Comparative capitalisms in the Anthropocene: a research agenda for green transition
Climate change and the impacts of the Anthropocene, which have come to be understood as human-driven environmental change, pose existential threats to humanity. Anthropocene risks demonstrate that existing fossil-fuel-intensive and growth-oriented capitalist development is unsustainable and the urgent need to transition towards greener forms of development is widely recognised. Comparative Political Economy (CPE) should be well placed to guide and evaluate green transition, yet it typifies a wider disconnect between political economy and the environment.
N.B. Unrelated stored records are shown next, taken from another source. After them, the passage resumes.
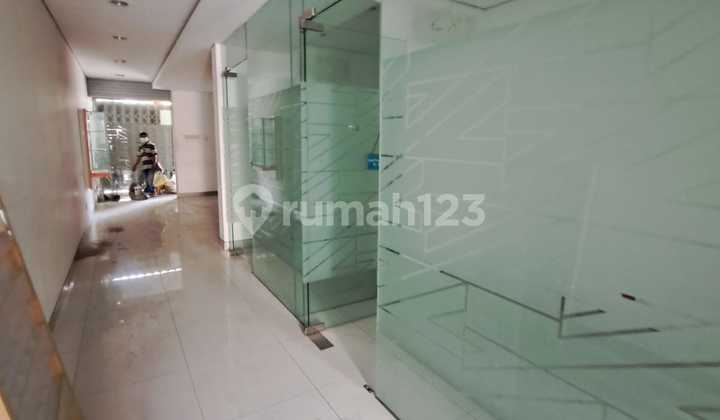 For Rent: Shop House on Wiyung Main Road, West Surabaya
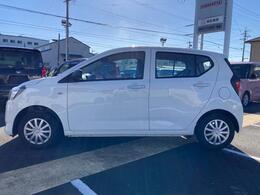 静岡ダイハツの中古車は、展示前に徹底した洗車や室内清掃を実施しております。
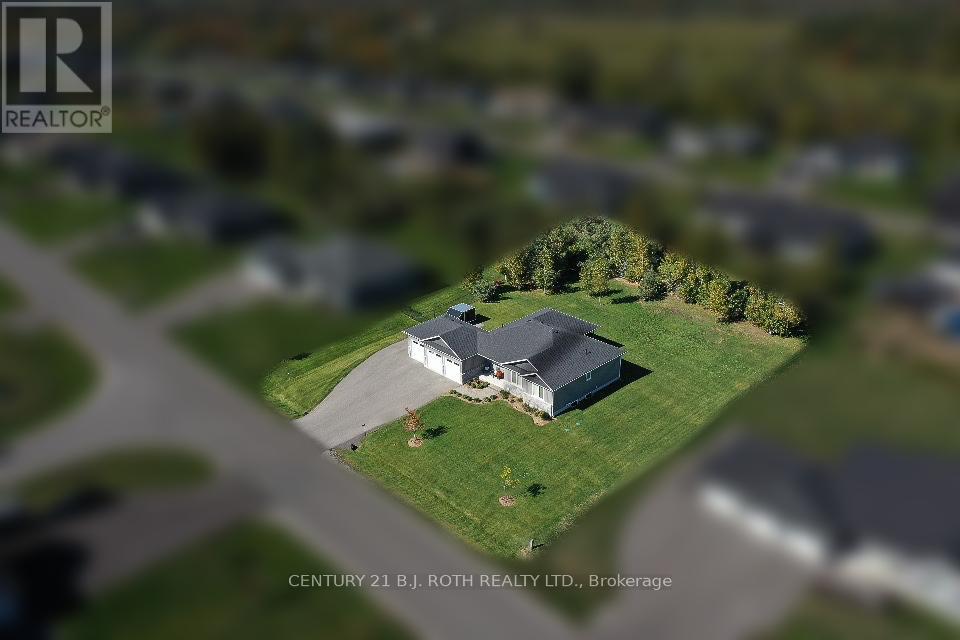 51 Cheslock Crescent, Oro-Medonte, Ontario  L3V 8N8 - Photo 3 - S12439772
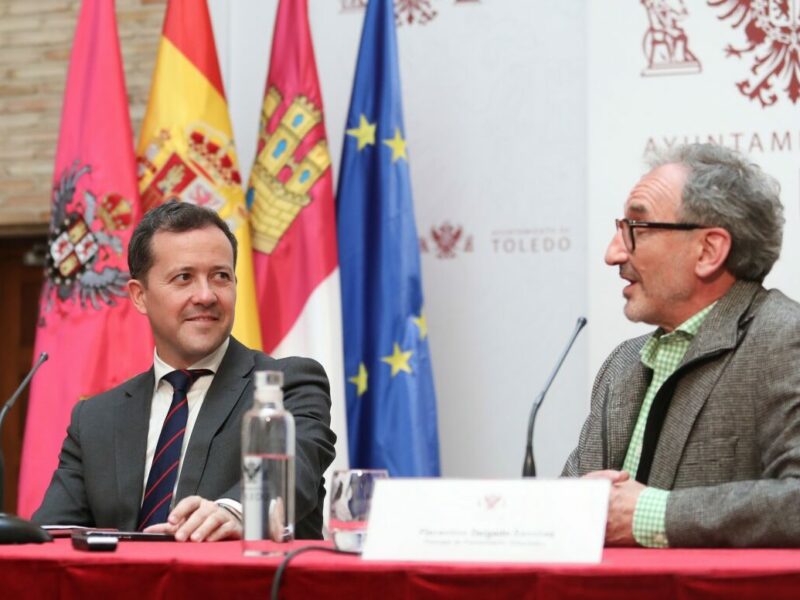 El desencuentro entre Delgado y Velázquez: un martes de ironías, "teatrillo" y ausencia de conversación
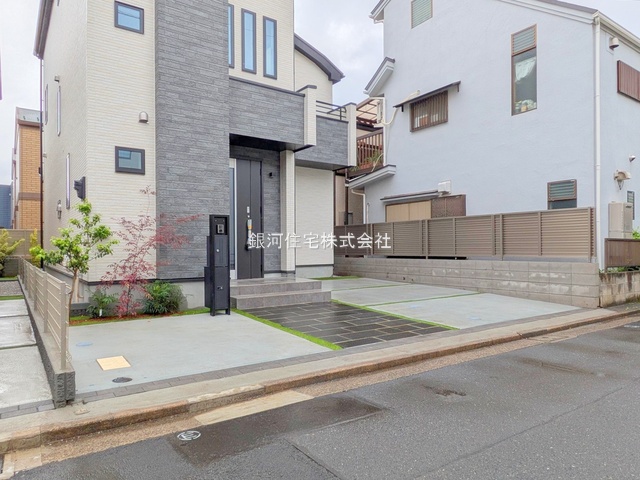 G00378251 東京都武蔵野市吉祥寺北町５丁目 新築一戸建て 9390万円 土地面積120.00m² (約36.29坪) 建物面積94.60m² (約28.61坪) 間取り４ＬＤＫ 築年月2025年05月(築１年以内)【外観8】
This project seeks to understand and transcend that disconnect. Developing a critical genealogy of CPE’s post-war emergence, the article examines CPE’s paradigmatic evolution and fitness for grappling with the Anthropocene. It argues that dominant theoretical paradigms (Varieties of Capitalism and Growth Models approaches) are grounded in a ‘nature/society’ dualism that treats national economic models as environmentally disembedded and causally independent from the Earth System. Economic growth is uncritically elevated as a dominant comparative metric, normative aspiration, and policy objective for capitalist development. These characteristics limit the capacity to engage with green transition. Embedding CPE within ecological considerations, the project selectively repurposes the field’s existing conceptual insights to develop hypotheses concerning comparative capitalisms and green transition in the Anthropocene.